**Records shown**

____________________

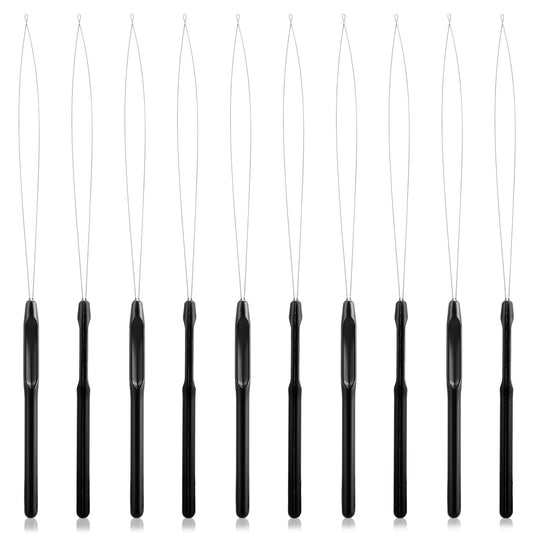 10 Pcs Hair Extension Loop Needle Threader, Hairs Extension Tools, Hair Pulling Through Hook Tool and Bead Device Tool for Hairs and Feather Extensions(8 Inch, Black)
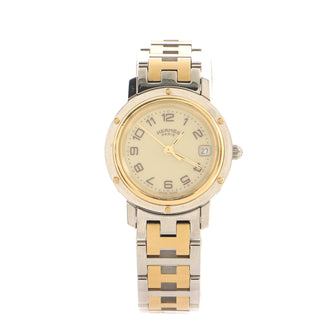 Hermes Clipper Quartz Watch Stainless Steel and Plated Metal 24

____________________

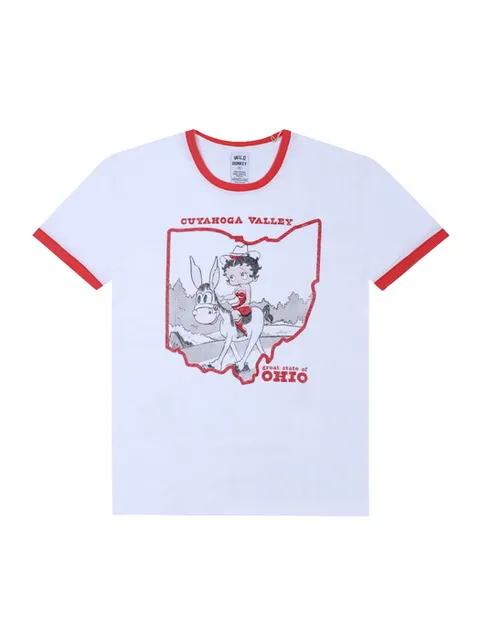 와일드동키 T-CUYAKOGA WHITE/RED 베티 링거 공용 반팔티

____________________

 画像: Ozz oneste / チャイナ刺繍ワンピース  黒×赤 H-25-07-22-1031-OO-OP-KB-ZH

____________________

**What is required**
Print, exactly, each line above from the one with "10 Pcs Hair" to the one with "Hermes Clipper Quartz", end lines included. Leave pictures out of it.

**Task answer**
 10 Pcs Hair Extension Loop Needle Threader, Hairs Extension Tools, Hair Pulling Through Hook Tool and Bead Device Tool for Hairs and Feather Extensions(8 Inch, Black)
 Hermes Clipper Quartz Watch Stainless Steel and Plated Metal 24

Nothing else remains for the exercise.